=== Exercise description ===
Take the line containing "Комплексное обследование перед" through the last line of the data and retype those lines exactly. Pictures do not belong in the copy.

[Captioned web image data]

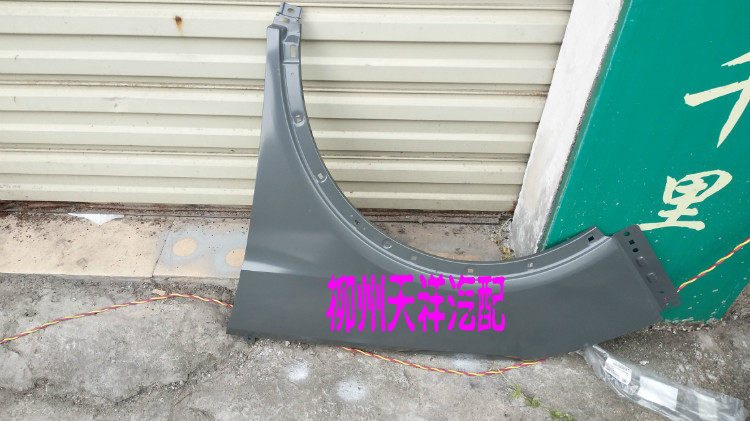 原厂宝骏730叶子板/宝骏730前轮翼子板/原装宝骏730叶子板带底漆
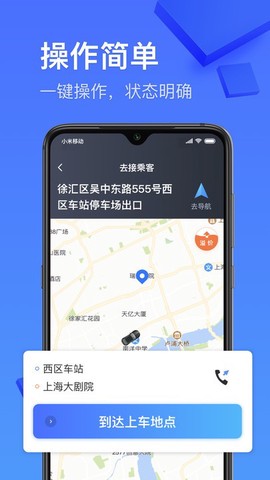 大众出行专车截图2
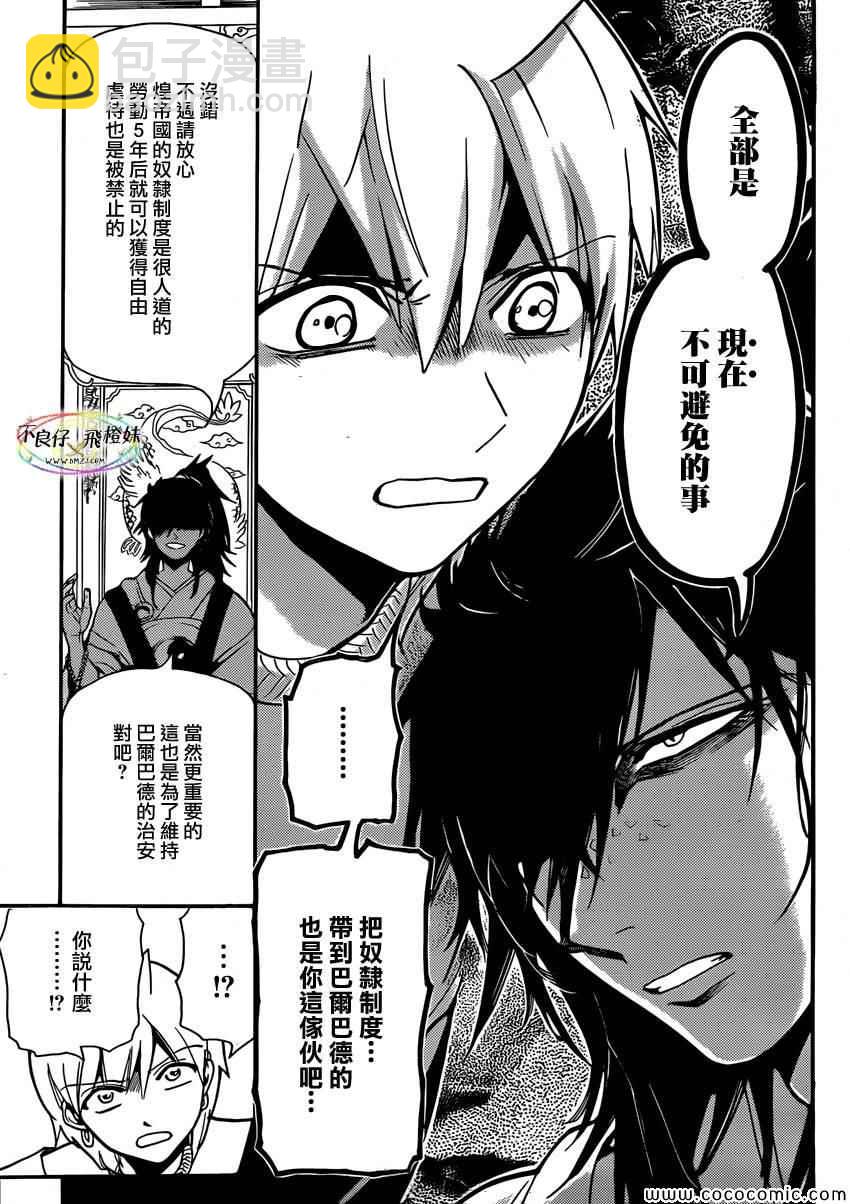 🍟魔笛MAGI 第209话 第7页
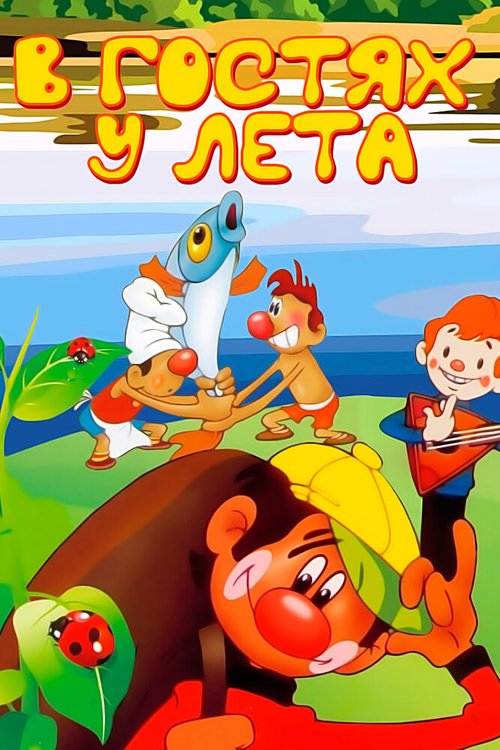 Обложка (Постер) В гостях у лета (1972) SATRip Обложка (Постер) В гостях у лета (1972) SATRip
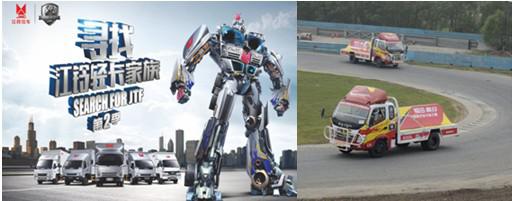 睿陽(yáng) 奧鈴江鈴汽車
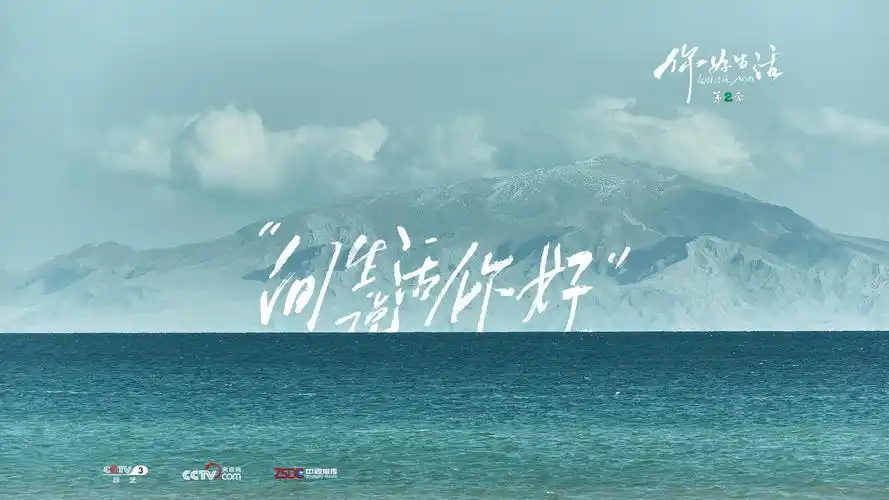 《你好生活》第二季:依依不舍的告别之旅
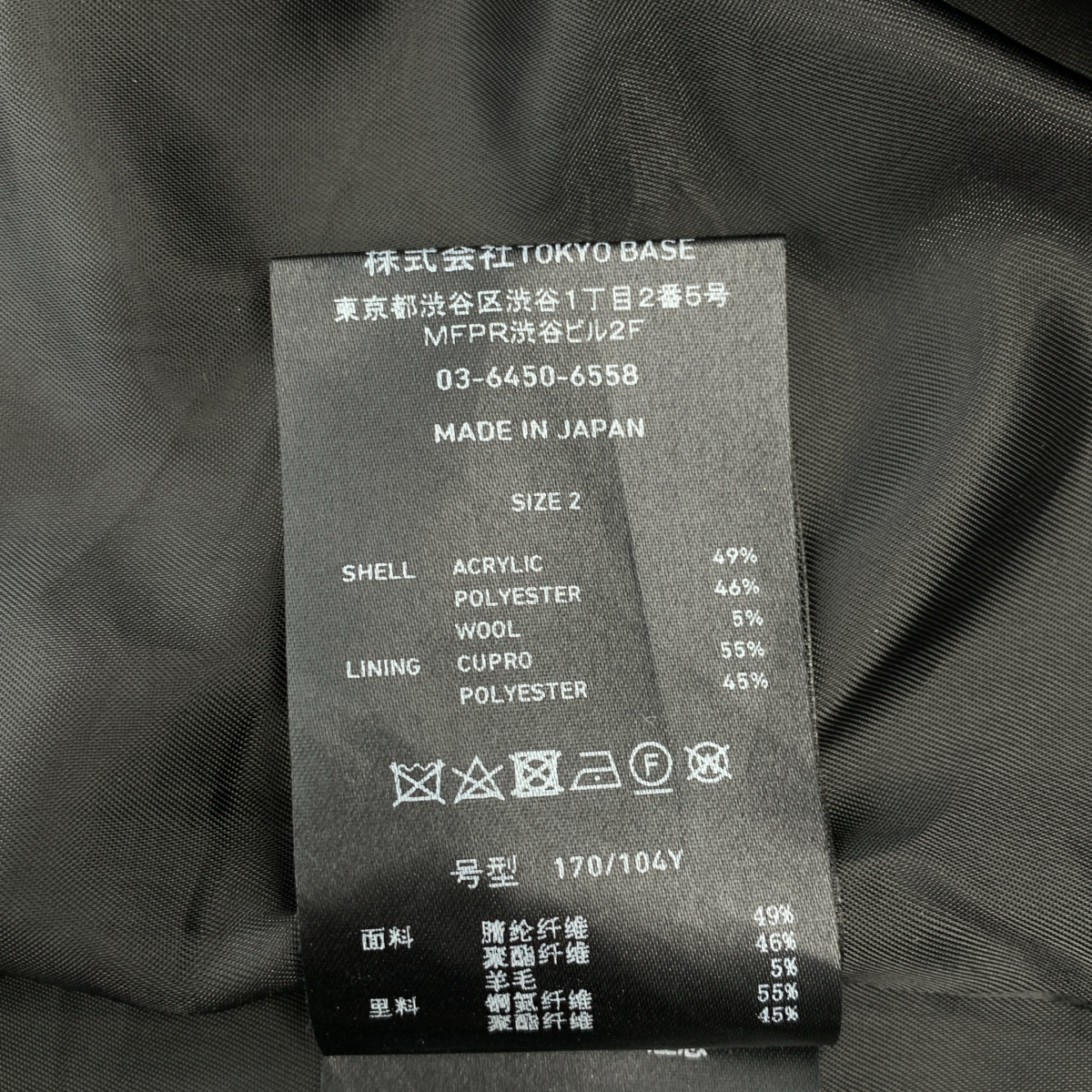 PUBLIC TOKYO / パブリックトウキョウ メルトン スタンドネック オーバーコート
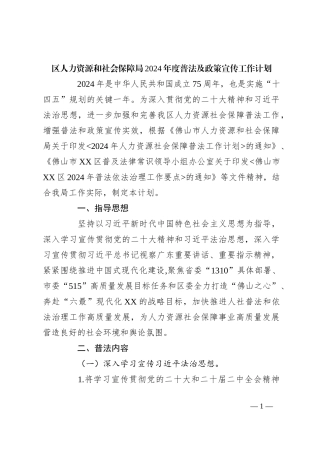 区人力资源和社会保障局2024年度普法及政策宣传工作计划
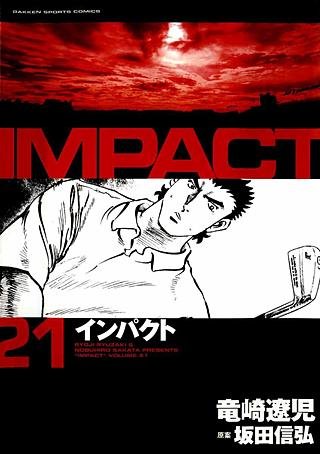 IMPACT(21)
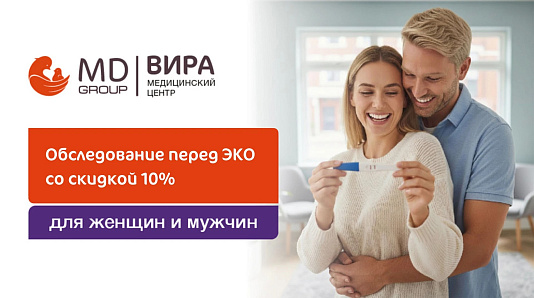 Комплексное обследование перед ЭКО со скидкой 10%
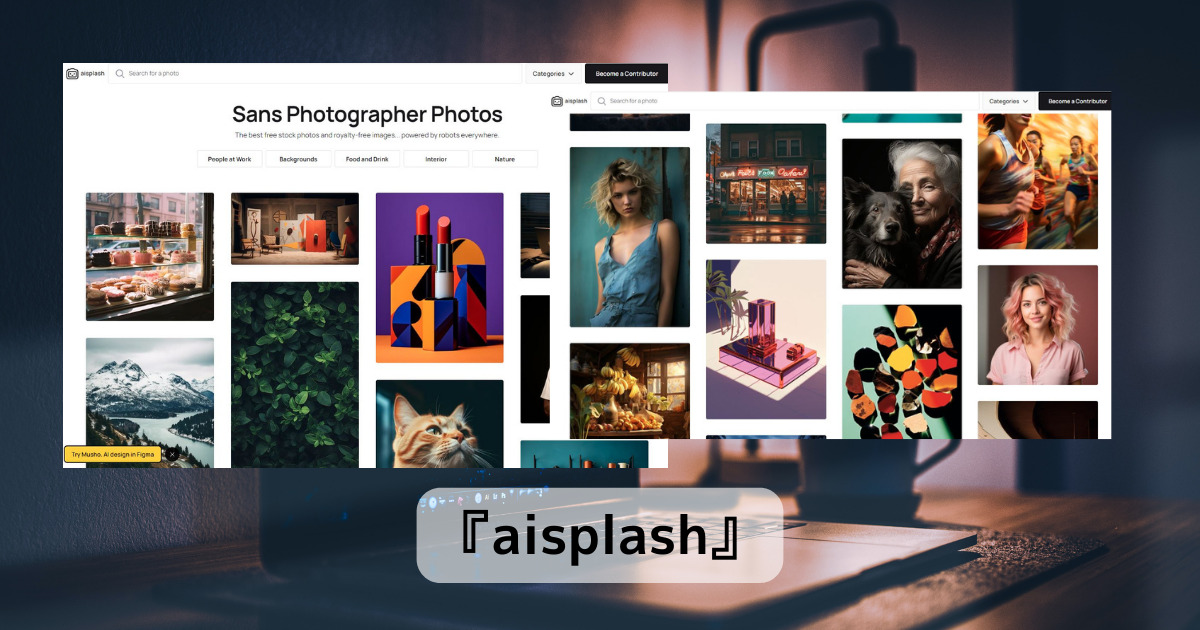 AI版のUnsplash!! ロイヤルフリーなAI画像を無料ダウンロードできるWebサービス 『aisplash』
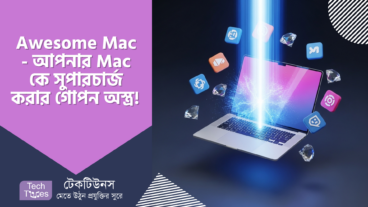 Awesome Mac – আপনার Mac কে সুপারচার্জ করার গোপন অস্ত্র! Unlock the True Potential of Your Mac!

=== Written answer ===
 Комплексное обследование перед ЭКО со скидкой 10%
 AI版のUnsplash!! ロイヤルフリーなAI画像を無料ダウンロードできるWebサービス 『aisplash』
 Awesome Mac – আপনার Mac কে সুপারচার্জ করার গোপন অস্ত্র! Unlock the True Potential of Your Mac!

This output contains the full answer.